Mitgefühl bedeutet, vom Erleben eines anderen Menschen berührt zu sein und trotzdem bei diesem Menschen bleiben zu können. Die eigenen Gefühle dürfen dabei Raum haben. Wir dürfen traurig sein, uns sorgen oder tief betroffen sein. Entscheidend ist jedoch, dass die eigenen Gefühle nicht zur Verantwortung des anderen werden. Wer mitfühlt, wird berührt. Der entscheidende Unterschied liegt darin, wie wir mit dieser Berührung umgehen.
Beim Mitgefühl bleibt der Blick beim anderen: „Ich sehe, dass es dir schlecht geht. Das tut mir leid. Ich bin bei dir.“
Die eigenen Gefühle sind da. Sorge, Traurigkeit, Hilflosigkeit oder vielleicht auch Angst um den anderen, aber sie werden nicht zur Aufgabe des Gegenübers. Wir nehmen den Schmerz des anderen wahr, ohne dass der andere anschließend unsere eigenen emotionalen Reaktionen auffangen oder beruhigen muss. Wenn das geschieht, kann Mitgefühl in emotionale Übernahme kippen. Aus einem „Ich fühle mit dir“ wird dann unbewusst ein: „Dein Schmerz löst in mir so viel aus, dass ich damit nicht allein umgehen kann und du musst mir jetzt helfen, damit zurechtzukommen.“ Die Aufmerksamkeit verschiebt sich. Nicht mehr nur der Mensch, der gerade etwas Schweres erlebt, steht im Mittelpunkt, sondern zunehmend die emotionale Reaktion des anderen.

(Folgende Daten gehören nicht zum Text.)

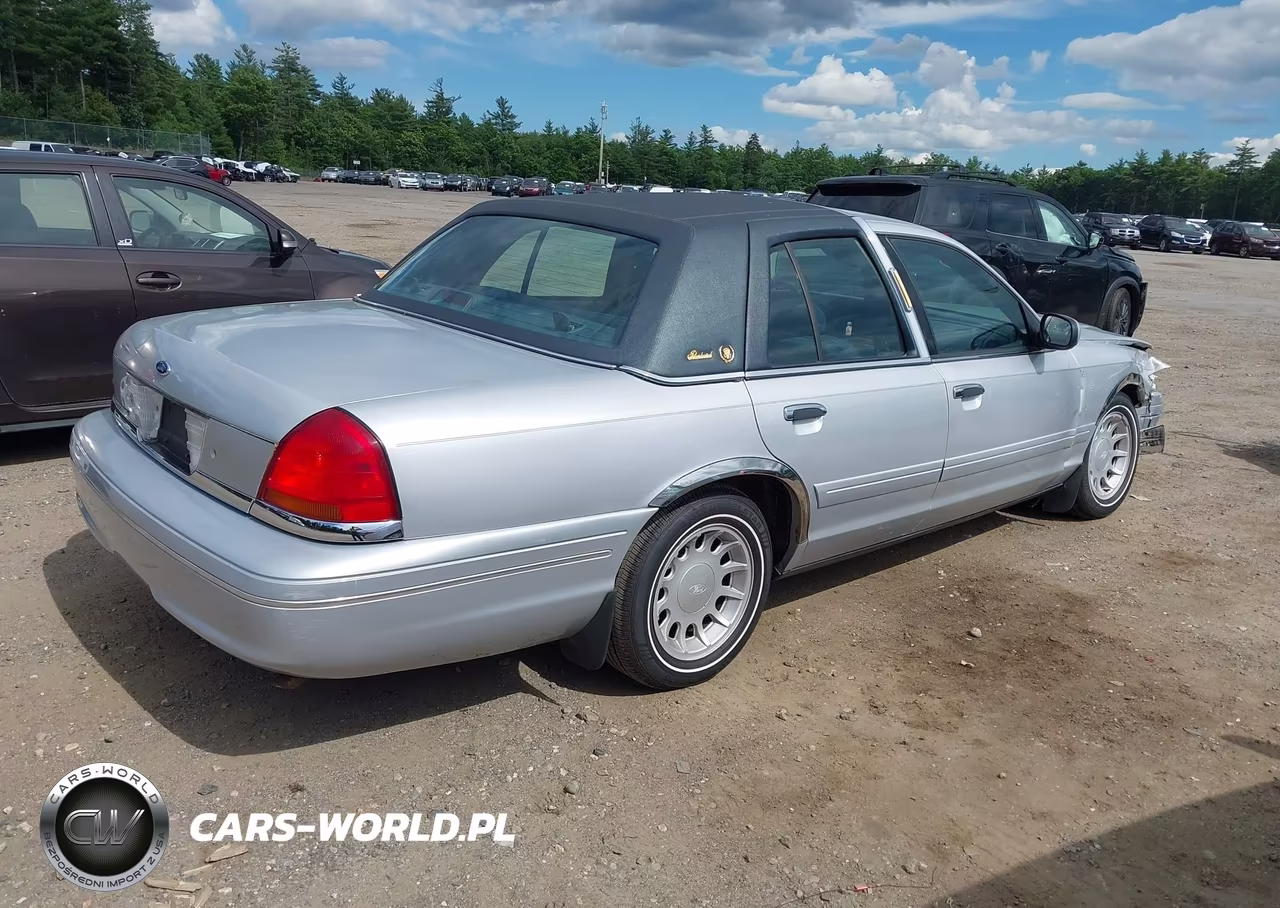 2001 Ford Crown Victoria Lx VIN:2FAFP74W11X201234 - 4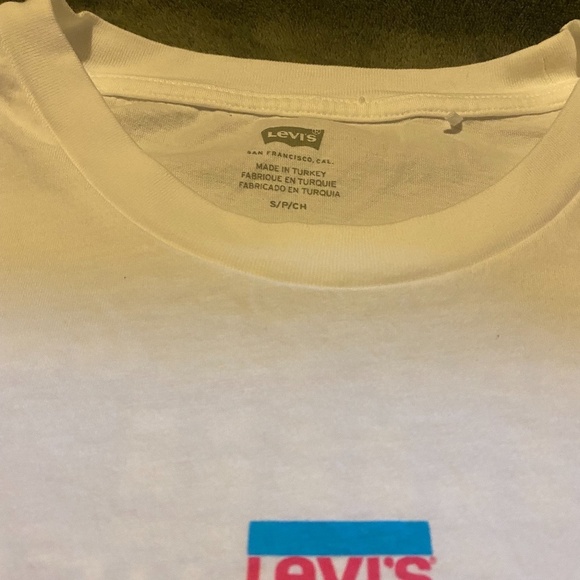 Levi's Woman's Short Tee - Game Over - Picture 3 of 4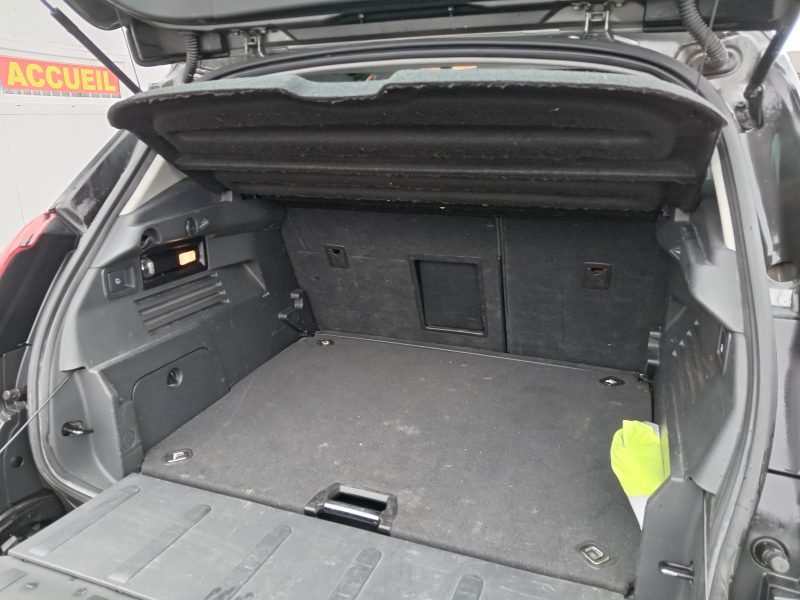 PEUGEOT 3008 Monospace 2012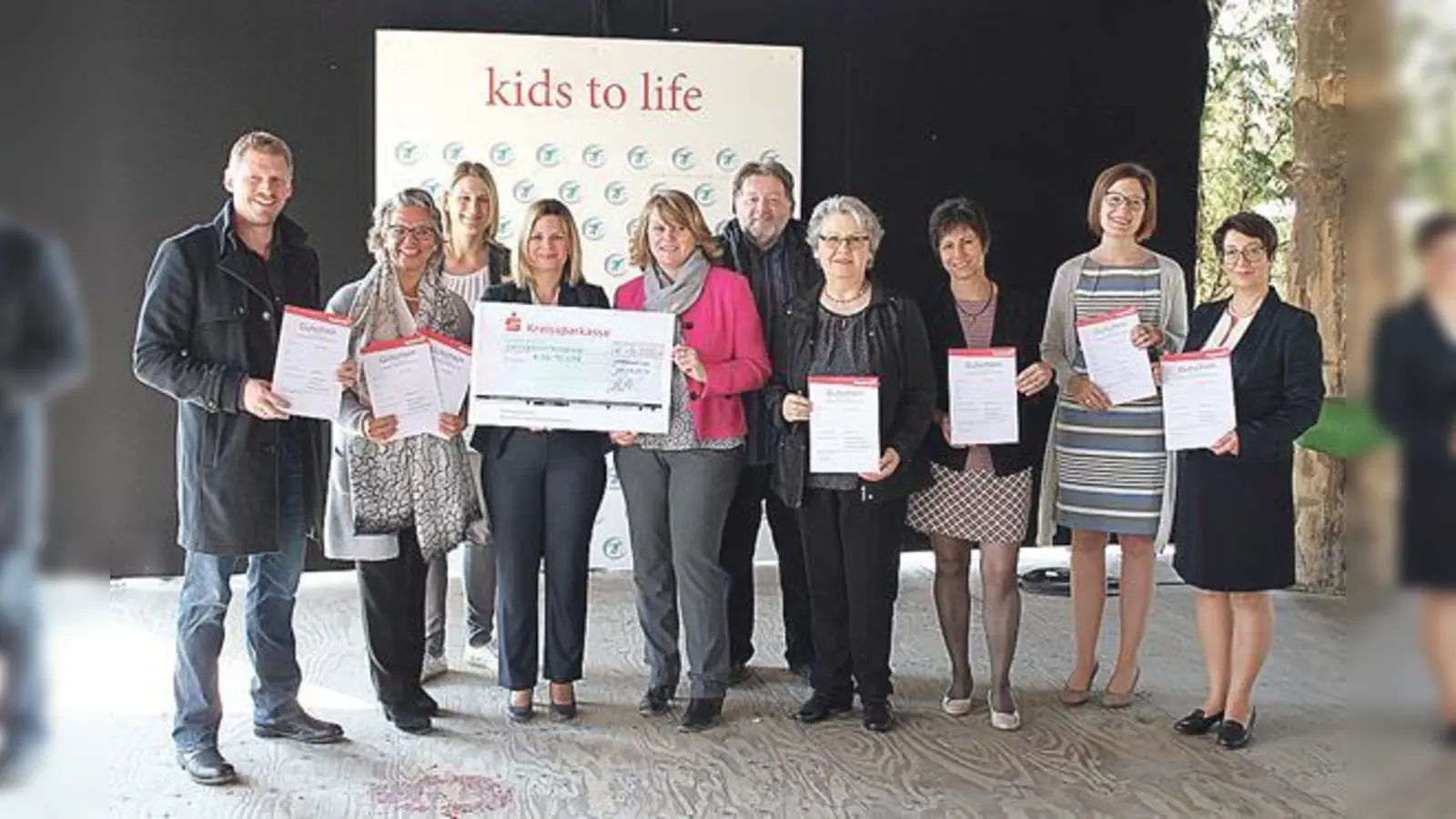 Martin Gruber, Barbara Hathaway, Anne-Katrin Mertens (Studienkreis), Christina Heigl  und Iris Kühnel, Alois Buchinger und Karola Köhle, Carolin Faulstich, Maka Viel und Ayten Dumann (Studienkreis) bei der Übergabe der Stipendien.	 (Foto: kids to life)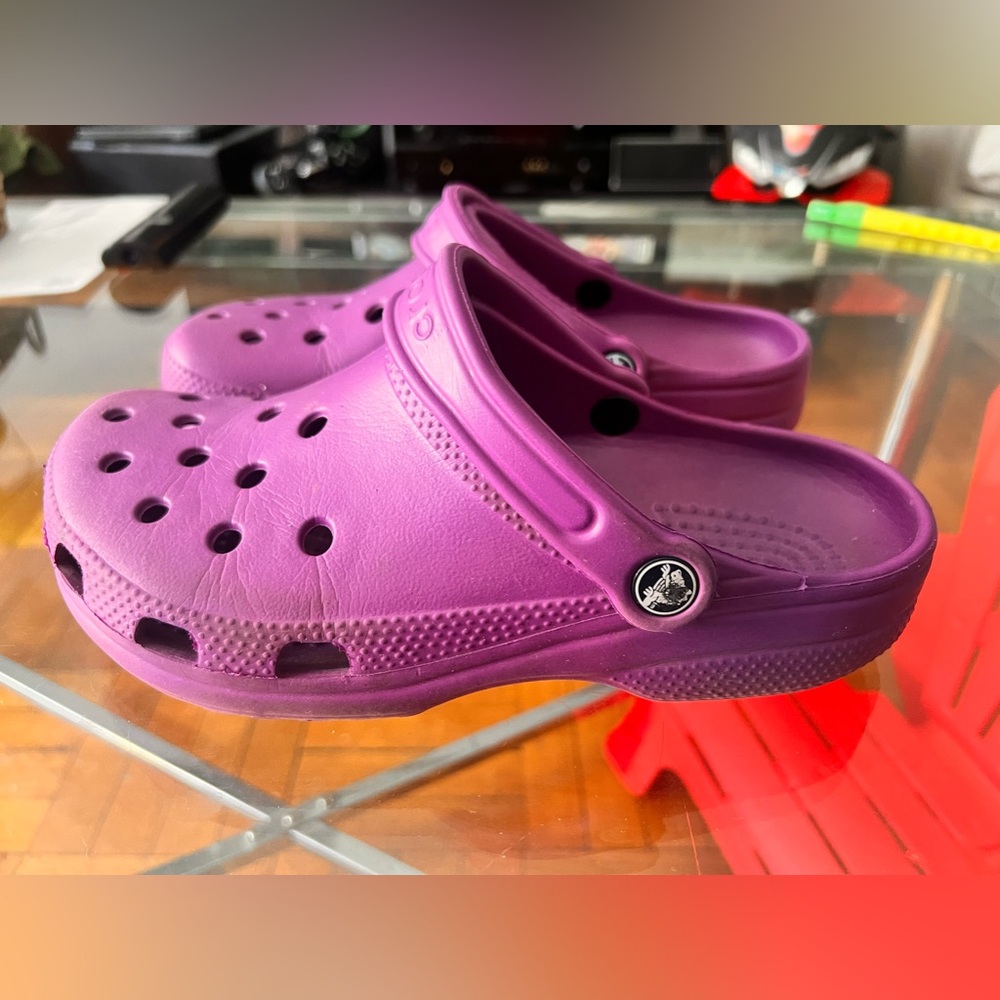 dark pink crocs unisex - Picture 2 of 4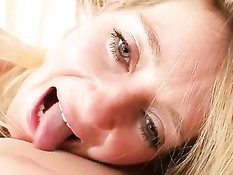 Две зрелые дамочки возбудились от просмотра эротического журнала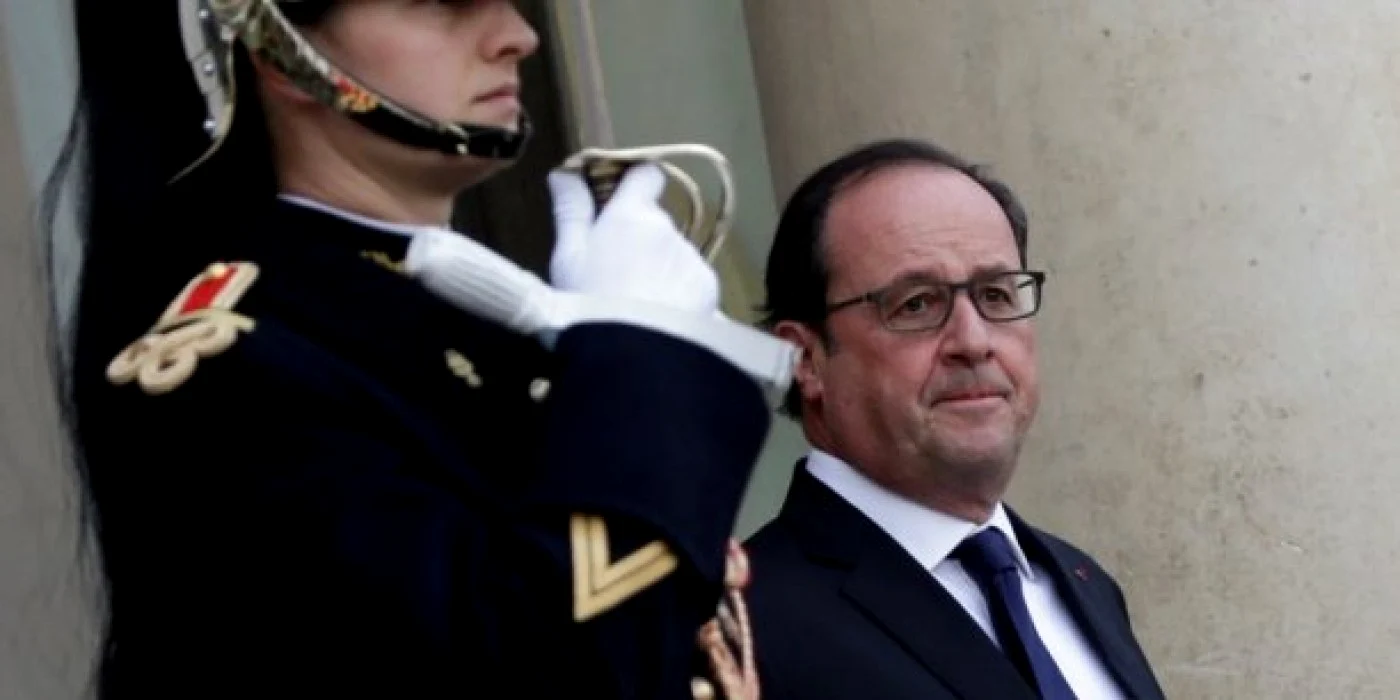 Forţat de atacurile teroriste, Francois Hollande (în imagine) a reînfiinţat Garda Naţională după 145 de ani FOTO latribune.fr
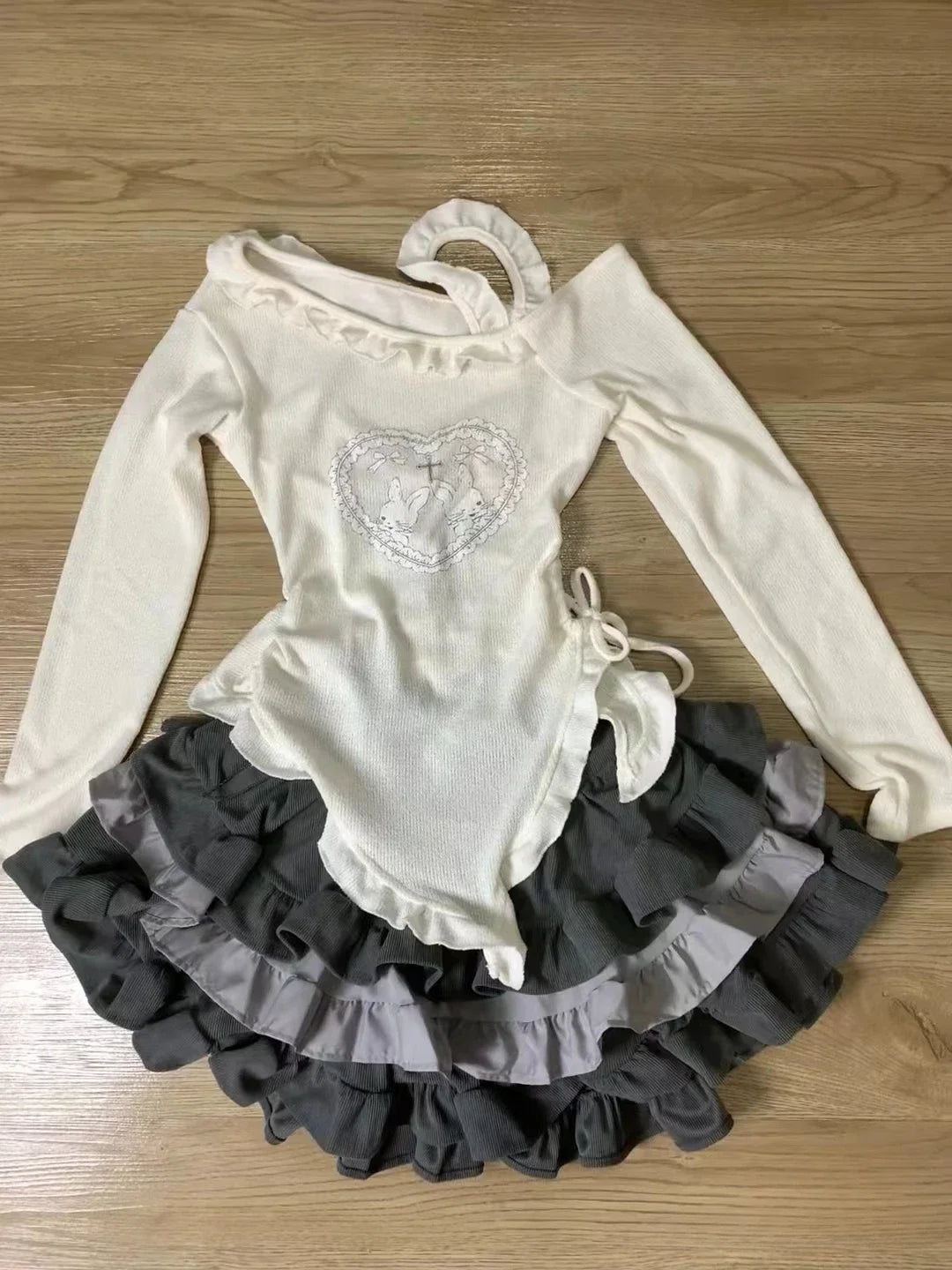 Conjunto de Cárdigan Tejido con Lazo y Minifalda Escocesa con Volantes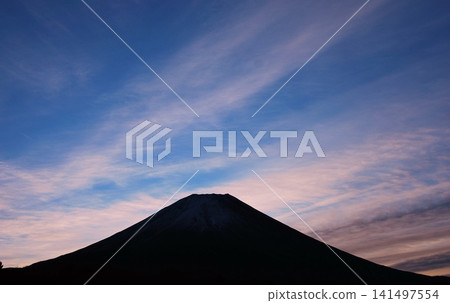 清晨,靜岡縣朝霧高原上的富士山(上午 7:17) 清晨,靜岡縣朝霧高原上的富士山(上午 7:17) 141497554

Diese Dynamik geschieht oft sehr subtil. Jemand kann ehrlich besorgt sein, es gut meinen und trotzdem Schwierigkeiten haben, die Gefühle des anderen auszuhalten. Wenn jemand von seinen Sorgen erzählt, können im Gegenüber Angst, Hilflosigkeit oder Unruhe entstehen. Statt einfach präsent zu bleiben, beginnt er sofort nach Lösungen zu suchen, Ratschläge zu geben oder selbst sichtbar belastet zu wirken. Am Ende kann beim Erzählenden das seltsames Gefühl entstehen nicht mehr nur mit der eigenen Situation belastet zu sein, sondern sich zusätzlich darum kümmern zu müssen, wie es dem anderen geht.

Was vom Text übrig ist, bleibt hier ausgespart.